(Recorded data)

● ● ● ● ● ● ●

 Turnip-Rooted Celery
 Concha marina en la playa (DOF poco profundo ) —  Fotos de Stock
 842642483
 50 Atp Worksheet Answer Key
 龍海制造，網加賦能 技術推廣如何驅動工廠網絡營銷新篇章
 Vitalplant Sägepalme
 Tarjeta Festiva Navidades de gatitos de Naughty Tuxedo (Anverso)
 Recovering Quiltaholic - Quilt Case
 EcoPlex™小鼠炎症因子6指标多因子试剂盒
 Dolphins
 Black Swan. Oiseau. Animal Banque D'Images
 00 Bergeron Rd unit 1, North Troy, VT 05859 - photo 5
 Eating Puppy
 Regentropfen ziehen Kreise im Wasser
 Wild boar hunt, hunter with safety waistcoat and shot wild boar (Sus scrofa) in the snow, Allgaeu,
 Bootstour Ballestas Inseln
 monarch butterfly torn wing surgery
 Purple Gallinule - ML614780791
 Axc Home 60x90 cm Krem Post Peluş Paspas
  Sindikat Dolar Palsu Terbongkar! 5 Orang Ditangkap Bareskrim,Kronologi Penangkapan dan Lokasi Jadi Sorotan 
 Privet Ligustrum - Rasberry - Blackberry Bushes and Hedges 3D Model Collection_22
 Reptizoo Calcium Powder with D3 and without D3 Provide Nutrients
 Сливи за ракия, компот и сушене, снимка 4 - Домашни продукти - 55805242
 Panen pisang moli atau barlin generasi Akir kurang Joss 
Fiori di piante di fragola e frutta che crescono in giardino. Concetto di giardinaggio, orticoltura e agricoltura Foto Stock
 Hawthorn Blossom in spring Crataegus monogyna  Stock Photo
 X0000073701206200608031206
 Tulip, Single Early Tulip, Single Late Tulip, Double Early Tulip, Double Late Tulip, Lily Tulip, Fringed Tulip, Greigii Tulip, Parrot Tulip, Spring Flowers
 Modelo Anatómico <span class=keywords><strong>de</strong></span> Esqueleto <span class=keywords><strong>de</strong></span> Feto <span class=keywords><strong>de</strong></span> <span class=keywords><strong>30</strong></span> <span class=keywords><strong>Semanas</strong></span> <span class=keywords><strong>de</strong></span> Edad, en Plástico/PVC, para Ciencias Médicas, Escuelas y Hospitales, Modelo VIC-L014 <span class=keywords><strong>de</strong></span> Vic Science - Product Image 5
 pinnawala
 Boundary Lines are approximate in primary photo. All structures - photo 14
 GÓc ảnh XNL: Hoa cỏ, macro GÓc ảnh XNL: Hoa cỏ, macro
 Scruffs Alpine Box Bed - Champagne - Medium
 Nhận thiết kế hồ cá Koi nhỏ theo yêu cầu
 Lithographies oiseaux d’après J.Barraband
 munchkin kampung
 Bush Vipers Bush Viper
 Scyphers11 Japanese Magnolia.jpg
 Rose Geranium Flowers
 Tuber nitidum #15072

● ● ● ● ● ● ●

TASK BRIEF: From the records above, print exactly the lines that run from the line with "monarch butterfly torn wing surgery" to the line with "Panen pisang moli", inclusive.

RESULT BELOW:
 monarch butterfly torn wing surgery
 Purple Gallinule - ML614780791
 Axc Home 60x90 cm Krem Post Peluş Paspas
  Sindikat Dolar Palsu Terbongkar! 5 Orang Ditangkap Bareskrim,Kronologi Penangkapan dan Lokasi Jadi Sorotan 
 Privet Ligustrum - Rasberry - Blackberry Bushes and Hedges 3D Model Collection_22
 Reptizoo Calcium Powder with D3 and without D3 Provide Nutrients
 Сливи за ракия, компот и сушене, снимка 4 - Домашни продукти - 55805242
 Panen pisang moli atau barlin generasi Akir kurang Joss 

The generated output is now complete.